— Problem requirements —
Repeat, exactly and alone, every line from the line that contains "Продажа електро счетчиков ." to the end of the entries.

— Short web captions —
####
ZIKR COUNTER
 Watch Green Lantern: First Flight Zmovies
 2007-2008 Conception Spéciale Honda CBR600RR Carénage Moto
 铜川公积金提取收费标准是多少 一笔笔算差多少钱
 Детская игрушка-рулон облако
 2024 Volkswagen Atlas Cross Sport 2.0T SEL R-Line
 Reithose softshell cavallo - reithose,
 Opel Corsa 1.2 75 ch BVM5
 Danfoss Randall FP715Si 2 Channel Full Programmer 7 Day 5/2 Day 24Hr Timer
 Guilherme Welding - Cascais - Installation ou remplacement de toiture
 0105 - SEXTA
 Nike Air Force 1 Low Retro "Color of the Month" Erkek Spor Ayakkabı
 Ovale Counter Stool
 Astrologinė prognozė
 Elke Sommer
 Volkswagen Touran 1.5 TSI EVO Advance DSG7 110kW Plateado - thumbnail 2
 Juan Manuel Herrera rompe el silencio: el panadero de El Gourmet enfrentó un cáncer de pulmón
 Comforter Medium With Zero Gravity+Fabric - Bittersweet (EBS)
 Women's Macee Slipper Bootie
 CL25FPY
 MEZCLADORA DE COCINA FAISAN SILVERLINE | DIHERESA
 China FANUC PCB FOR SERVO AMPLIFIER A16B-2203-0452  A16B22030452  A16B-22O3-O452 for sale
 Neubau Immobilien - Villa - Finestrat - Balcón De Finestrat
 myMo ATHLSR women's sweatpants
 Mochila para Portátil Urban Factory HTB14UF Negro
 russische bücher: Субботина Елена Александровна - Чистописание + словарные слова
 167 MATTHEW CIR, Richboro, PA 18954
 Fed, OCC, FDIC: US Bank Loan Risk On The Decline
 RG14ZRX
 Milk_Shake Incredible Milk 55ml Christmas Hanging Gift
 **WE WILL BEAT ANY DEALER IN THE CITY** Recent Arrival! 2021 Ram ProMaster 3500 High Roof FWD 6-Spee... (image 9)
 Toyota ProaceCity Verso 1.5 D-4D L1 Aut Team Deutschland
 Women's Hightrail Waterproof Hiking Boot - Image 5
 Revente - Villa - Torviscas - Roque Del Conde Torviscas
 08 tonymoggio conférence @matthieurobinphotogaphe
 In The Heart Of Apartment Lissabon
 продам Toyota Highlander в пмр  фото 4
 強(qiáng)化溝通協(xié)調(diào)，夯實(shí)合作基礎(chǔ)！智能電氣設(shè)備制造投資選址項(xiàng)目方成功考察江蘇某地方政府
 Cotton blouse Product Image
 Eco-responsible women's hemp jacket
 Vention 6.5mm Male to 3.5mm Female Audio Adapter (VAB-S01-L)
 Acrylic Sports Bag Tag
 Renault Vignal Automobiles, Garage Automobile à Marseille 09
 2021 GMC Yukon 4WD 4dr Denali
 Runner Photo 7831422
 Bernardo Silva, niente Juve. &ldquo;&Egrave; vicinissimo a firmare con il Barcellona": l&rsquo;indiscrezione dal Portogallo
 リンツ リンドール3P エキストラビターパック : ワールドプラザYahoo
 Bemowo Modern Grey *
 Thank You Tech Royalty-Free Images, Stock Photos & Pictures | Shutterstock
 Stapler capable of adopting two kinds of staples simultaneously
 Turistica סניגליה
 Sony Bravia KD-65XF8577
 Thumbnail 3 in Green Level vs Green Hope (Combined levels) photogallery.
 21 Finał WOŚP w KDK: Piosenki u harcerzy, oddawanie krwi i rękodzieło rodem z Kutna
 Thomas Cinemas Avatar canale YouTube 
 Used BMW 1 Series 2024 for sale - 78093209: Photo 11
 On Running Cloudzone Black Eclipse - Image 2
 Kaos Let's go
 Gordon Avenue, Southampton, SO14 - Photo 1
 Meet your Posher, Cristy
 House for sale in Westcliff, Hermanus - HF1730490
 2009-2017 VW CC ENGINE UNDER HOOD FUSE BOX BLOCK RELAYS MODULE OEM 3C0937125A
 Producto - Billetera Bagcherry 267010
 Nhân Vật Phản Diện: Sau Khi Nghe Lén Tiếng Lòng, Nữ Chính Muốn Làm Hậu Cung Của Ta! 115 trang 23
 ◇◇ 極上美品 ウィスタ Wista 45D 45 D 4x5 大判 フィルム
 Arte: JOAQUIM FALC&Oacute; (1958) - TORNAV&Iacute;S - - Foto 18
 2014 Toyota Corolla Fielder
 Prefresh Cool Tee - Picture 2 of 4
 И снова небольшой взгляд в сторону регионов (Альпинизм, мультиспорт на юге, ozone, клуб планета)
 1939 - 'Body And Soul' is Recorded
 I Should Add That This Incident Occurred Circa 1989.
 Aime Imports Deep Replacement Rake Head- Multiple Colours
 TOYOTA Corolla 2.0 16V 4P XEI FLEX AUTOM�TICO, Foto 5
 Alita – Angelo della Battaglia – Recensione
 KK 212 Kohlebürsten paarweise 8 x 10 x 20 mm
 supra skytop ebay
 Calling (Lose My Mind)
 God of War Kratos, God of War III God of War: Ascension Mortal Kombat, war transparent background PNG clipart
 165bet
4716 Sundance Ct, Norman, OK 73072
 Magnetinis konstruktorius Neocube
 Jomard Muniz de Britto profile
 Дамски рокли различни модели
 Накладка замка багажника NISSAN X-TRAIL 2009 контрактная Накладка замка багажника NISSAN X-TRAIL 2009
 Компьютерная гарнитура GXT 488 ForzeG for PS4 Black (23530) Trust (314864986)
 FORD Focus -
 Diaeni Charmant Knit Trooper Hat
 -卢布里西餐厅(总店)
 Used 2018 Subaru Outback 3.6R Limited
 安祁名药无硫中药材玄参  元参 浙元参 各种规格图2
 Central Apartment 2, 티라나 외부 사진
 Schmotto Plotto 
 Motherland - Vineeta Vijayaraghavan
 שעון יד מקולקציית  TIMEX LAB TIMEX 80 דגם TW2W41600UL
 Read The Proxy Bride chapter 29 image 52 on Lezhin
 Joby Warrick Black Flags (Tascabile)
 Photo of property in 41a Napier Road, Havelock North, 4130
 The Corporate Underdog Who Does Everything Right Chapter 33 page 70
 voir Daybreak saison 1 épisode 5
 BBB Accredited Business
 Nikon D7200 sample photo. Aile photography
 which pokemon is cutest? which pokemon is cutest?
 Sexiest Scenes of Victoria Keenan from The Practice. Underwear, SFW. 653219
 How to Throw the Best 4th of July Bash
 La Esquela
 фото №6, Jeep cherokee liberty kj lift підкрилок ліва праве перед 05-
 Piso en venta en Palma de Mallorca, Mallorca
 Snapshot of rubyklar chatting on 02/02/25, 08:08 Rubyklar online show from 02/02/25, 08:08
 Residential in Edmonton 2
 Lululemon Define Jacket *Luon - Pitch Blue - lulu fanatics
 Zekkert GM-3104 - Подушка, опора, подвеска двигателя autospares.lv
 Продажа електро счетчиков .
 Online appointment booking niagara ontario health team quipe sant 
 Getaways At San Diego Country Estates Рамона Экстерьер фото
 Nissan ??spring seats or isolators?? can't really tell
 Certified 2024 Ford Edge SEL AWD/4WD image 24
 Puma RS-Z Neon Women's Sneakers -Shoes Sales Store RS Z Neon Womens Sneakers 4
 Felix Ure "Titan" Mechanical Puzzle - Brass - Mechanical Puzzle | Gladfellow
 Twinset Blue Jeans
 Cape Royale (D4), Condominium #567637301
####
— Your response —
 Продажа електро счетчиков .
 Online appointment booking niagara ontario health team quipe sant 
 Getaways At San Diego Country Estates Рамона Экстерьер фото
 Nissan ??spring seats or isolators?? can't really tell
 Certified 2024 Ford Edge SEL AWD/4WD image 24
 Puma RS-Z Neon Women's Sneakers -Shoes Sales Store RS Z Neon Womens Sneakers 4
 Felix Ure "Titan" Mechanical Puzzle - Brass - Mechanical Puzzle | Gladfellow
 Twinset Blue Jeans
 Cape Royale (D4), Condominium #567637301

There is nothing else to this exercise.